Breitbart's Senior Editor-at-Large, Joel Pollak told NPR the website is not any of the things it's been criticized for. "Breitbart News is a conservative website. And we are not racist, we're not anti-Semitic, we're not anti-gay, we're not anti-woman," he said.
Bannon has denied that he is a white nationalist, calling himself an "economic nationalist" with visions of building an "entirely new political movement."
"Dick Cheney. Darth Vader. Satan. That’s power," Bannon told The Hollywood Reporter after being tapped as chief strategist.
What makes him different from other political strategists
Bannon represents one of the platforms that Trump ran his campaign on: Being a political outsider. While many chief strategists have a past rooted in political involvement, Bannon doesn't. And unlike past chief strategists, such as Rove, he spent a short time working for the Trump campaign before being appointed to an administration position, as the Wall Street Journal reported. In the past, chief strategists have spent years working with candidates or their parties.
He was also a quiet figure in the campaign--which isn't typical for most political strategists, who usually work to gather support for candidates. But depsite not being out front doing the talking, Bannon is said to have been one of the driving forces behind Trump's busy first week in office.
What was the reaction to Bannon's NSC move?
Bannon's position on the NSC has drawn sharp criticism from many, including past members of the committee and politicians. John McCain called the move a "radical departure" from past councils.
Michael G. Mullen, who served on the principals committee of which Bannon is now part of, under George W. Bush, penned an editorial in the New York Times criticizing Trump's decision.
Mullen wrote that having Banon as a voting member of the principals committee "results in a blurring of presidential responsibilities — Republican Party leader and commander in chief — that is unhealthy for the republic." He also argues for putting the Joint Chiefs of Staff and national intelligence director back into a permanent position on the council.
Bannon's position in the council shows a new, growing influence of a political strategist at the intersection of politics and security, the Associated Press reported.
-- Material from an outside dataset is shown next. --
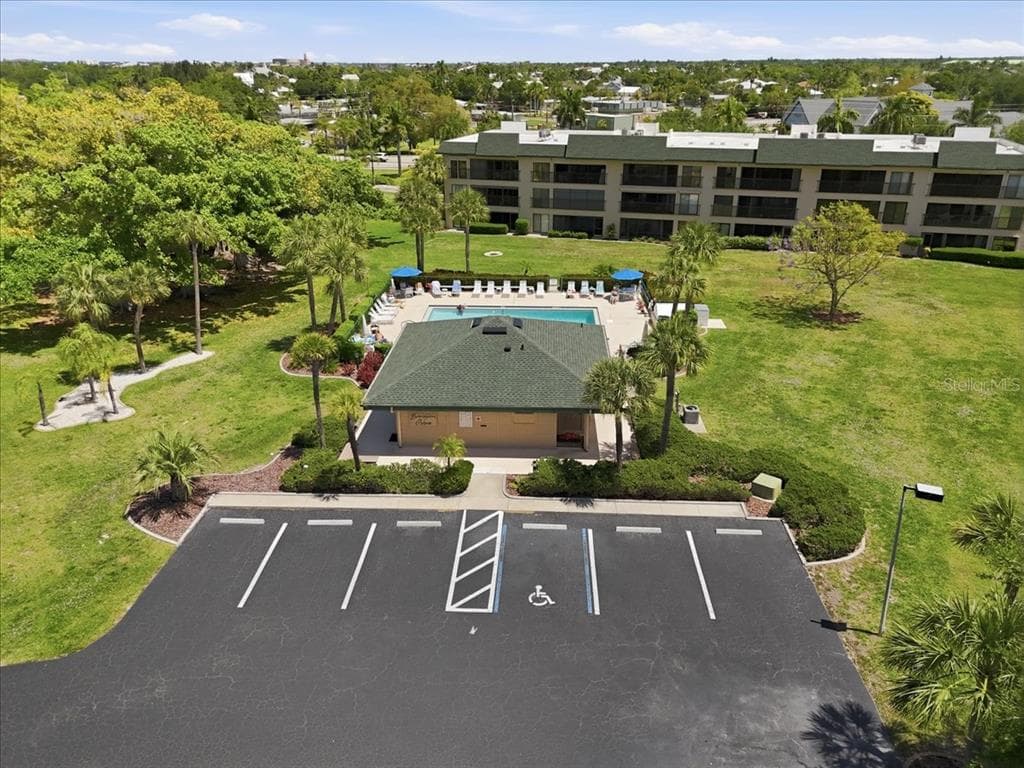601 SHREVE STREET # 32B, PUNTA GORDA, FL 33950 — zdjęcie 5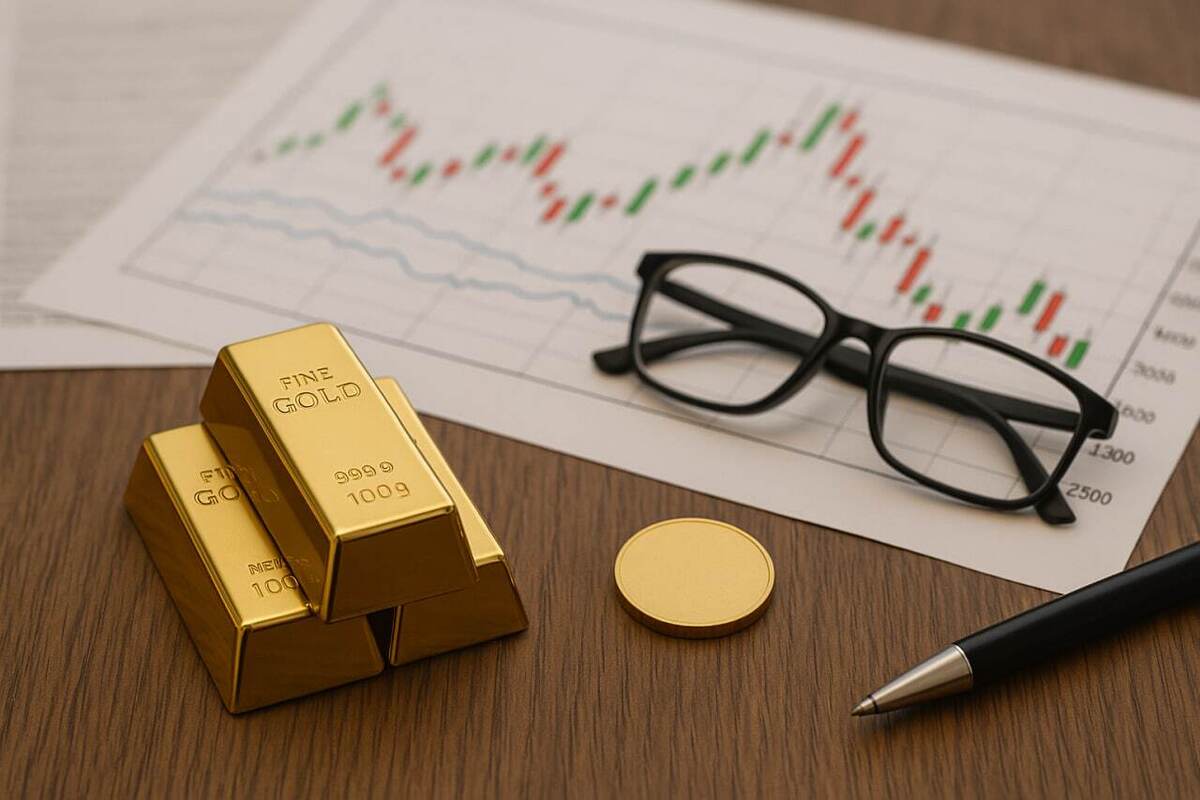 خرید اقساطی کالا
The council is meant to be bipartisan, as Mullen pointed out in his editorial.
Former president George W. Bush barred chief strategist Karl Rove from the NSC because he did not want foreign policy decisions to be dictated by politics. The NSC’s decisions, he said at a conference in September, "involve life and death for people in uniform."
In a letter to Trump, House Democrats urged him to remove Bannon from the council, writing that the move is "completely dangerous and morally reprehensible."